Over the period of two years, after Canadian Mark Carney left his post as the head of the Bank of Canada to take on the prestigious role as Bank of England governor, it was like he was jumping from the frying pan into the fire. The global economy continued on its roller coaster journey at the same time that global wealth was nesting comfortably within the management of less than 1 per cent of the population.
Carney was deemed a typical mild-mannered Canadian who would bring a sense of stability. So when he was asked to speak at England’s prestigious Guild Hall to the country’s elites no one was expecting anything out of the ordinary.. They should have been better prepared.
He surprised everyone when he launched into his view of how capitalism itself is at risk. “Just as any revolution eats its children, unchecked market fundamentalism can devour the social capital for the long-term dynamism of capitalism itself,” he offered at the beginning of his speech, to which the room grew deathly quiet.
Carney talked about how the affluent nations had subtly morphed from being market economies to market societies and how that fundamentally changed everything. He said he worried about the “mistrust” that was clearly growing between citizens and the global financial order..
Carney reminded his audience that six years after the economic crisis of 2007, the core problem remained, with little desire among the financial elites to remedy it. And the longer they took to address it, the more populists movements were growing, both in developing and developed nations, and they were getting increasingly angry. What else should we expect, he argued, “when bankers make enormous sums, while taxpayers pick up the tab for their failures.”
Governor Carney closed by stating that human beings matter. He found it ironic that in an age that has seen poverty getting better in the developing world there has also been a spread of new poverty in the affluent nations. He concluded with the belief that it is the loss at all levels of community, of social capital, that most threatens the world, and capitalism itself.
Two years later, Mark Carney spoke at another meeting of England’s elite, only this time his theme was different. Climate change was an immediate threat to financial system, he argued, and corporations, even small and medium-sized businesses, needed to acknowledge the risk immediately if the financial system was to avoid “catastrophic impact.”

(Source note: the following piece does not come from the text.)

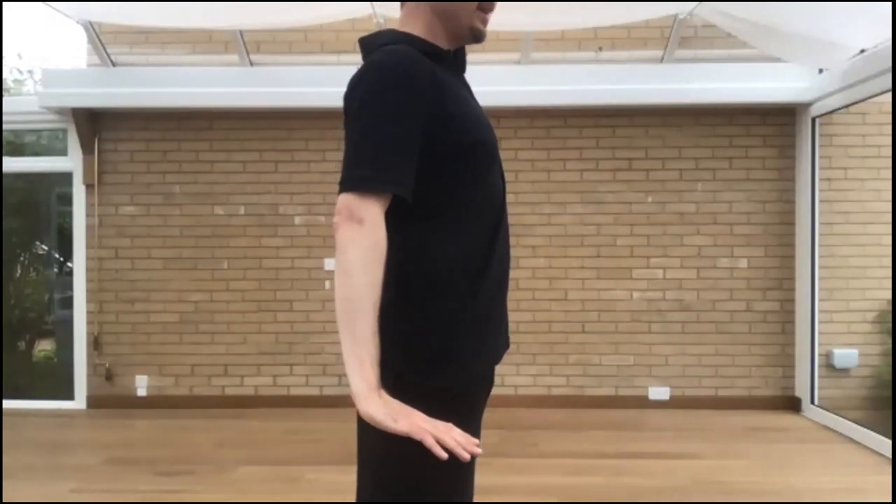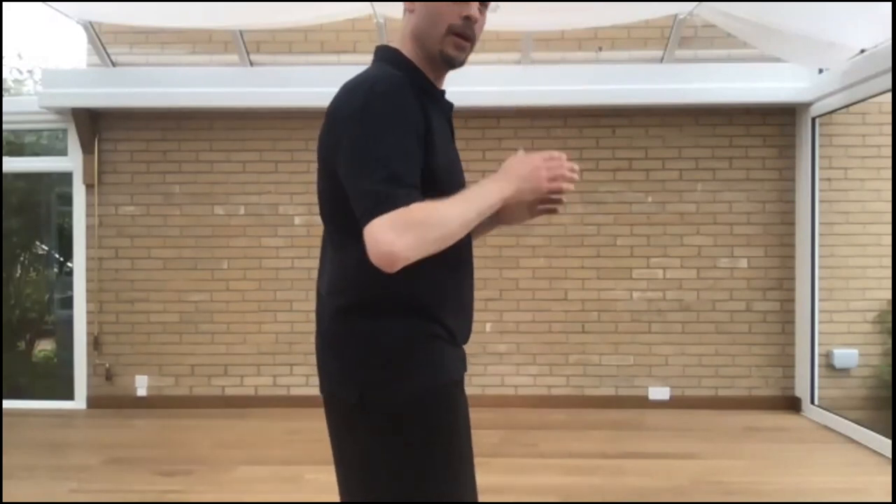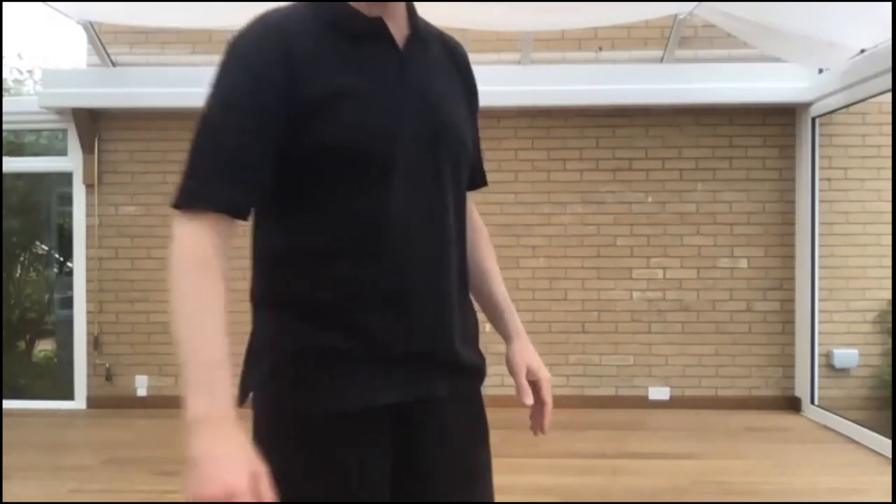Then you relax and the lower back opens — Ming Meng, the gate of life, opens. People sometimes suffer from lower back pain because they don't activate enough the inner muscles of the lower abdomen and the perineum.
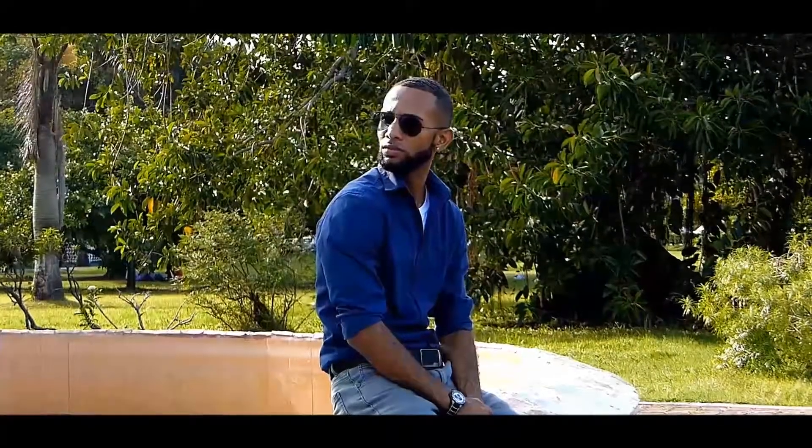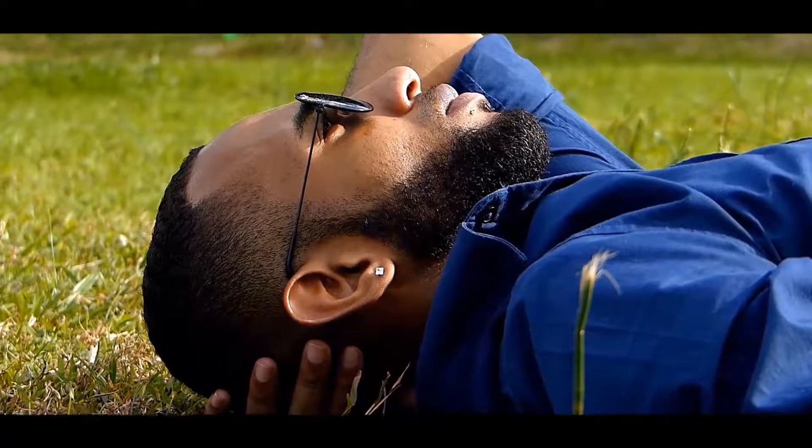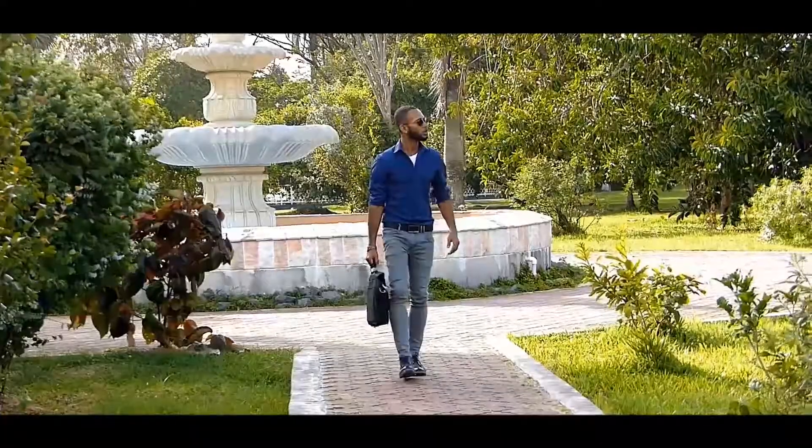When it comes to making professional videos of people, this camera is as good as you'd get for $300. The close-up shots aren't half bad, but once the subject is farther away, they tend to blend into the background.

The Bank of England governor challenged firms to do more to disclose their vulnerabilities. What did that mean? He informed bankers and insurers that they would need to provide more information about the risks they might face from climate change, Failure to do so would have damaging effects for financial stability.

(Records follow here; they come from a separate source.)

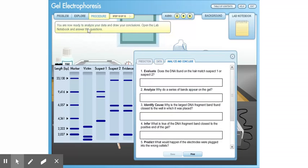You are now ready to analyze your data and draw your conclusions. Open the lab notebook and answer the questions.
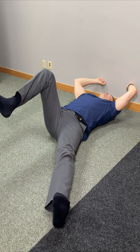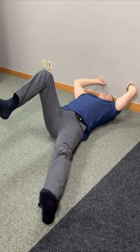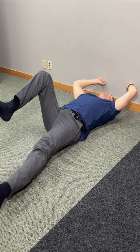Hold this position comfortably for three to five seconds, then come back up and relax. You can repeat this as needed — aim for 10 to 15 repetitions on both sides.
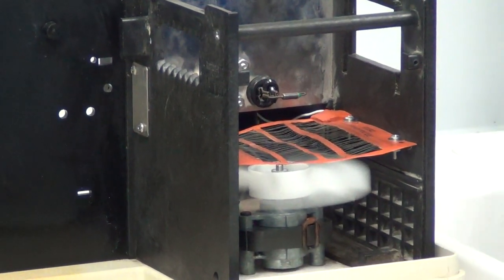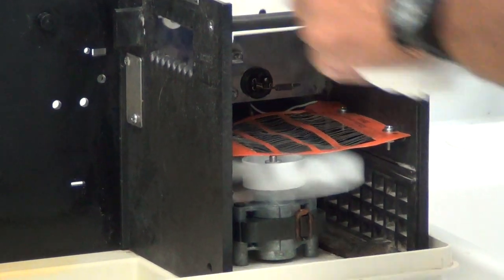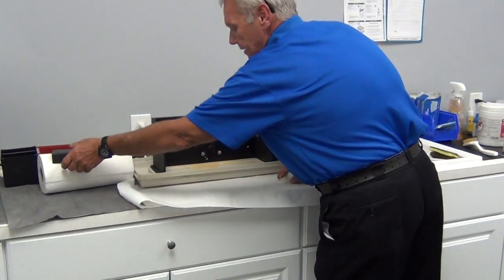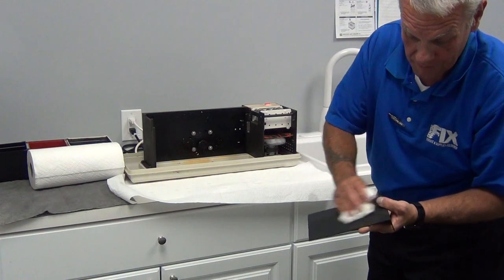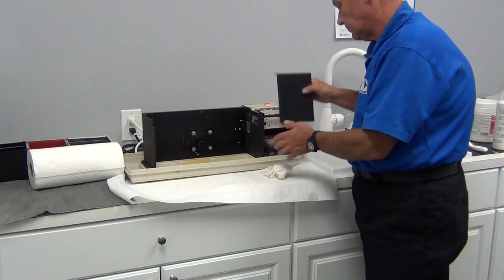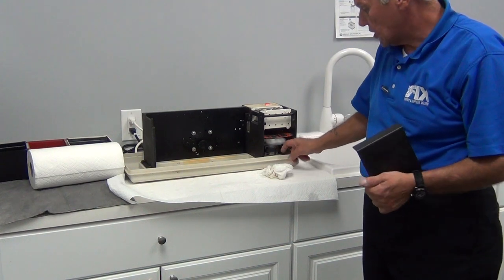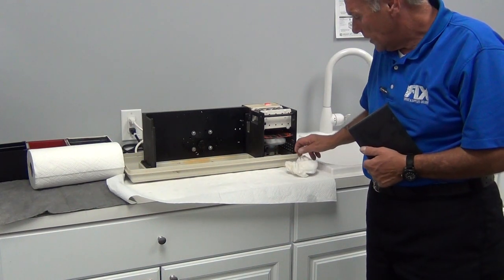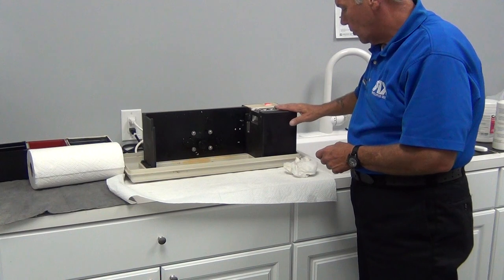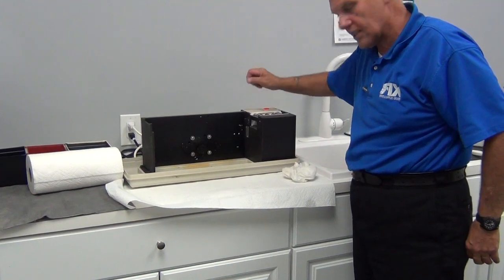We'll reinstall our dryer transport and reinstall the side baffle. After we wipe the side baffle down — remember, we want it to look good. Also, while you've got this apart, if you see an inordinate amount of dust in here, which more than nine times out of ten you will, take a vacuum cleaner and vacuum the dust out. The baffle directs the heat and makes the heat much more intense — that's what we want to feel.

The same finance industry that only a decade ago had helped to spur on the worst financial recession since the Great Depression had quickly returned to business as usual, even succeeding in helping get governments elected that oversaw further cutting in corporate tax rates and the dismantling of more cuts regulating the financial industry. The result, Carney noted, as a deepening of the divide between rich and poor in the developed world, high rates of unemployment, and a growing disenchantment with the financial barons who enjoyed their expanding life of elitism while most citizens endured stagnant economies. And then he threw down the gauntlet:
“The finance industry could be forced into making rapid adjustments if you don’t gradually expose where your climate change risks might lie, which could trigger steep losses, not only for your shareholders, but average citizens as well. The result could be chaos. Given the uncertainties around climate, not everyone will agree on the timing or scale of the adjustments required … [but] the right information allows sceptics and evangelists alike to back their convictions with their capital.”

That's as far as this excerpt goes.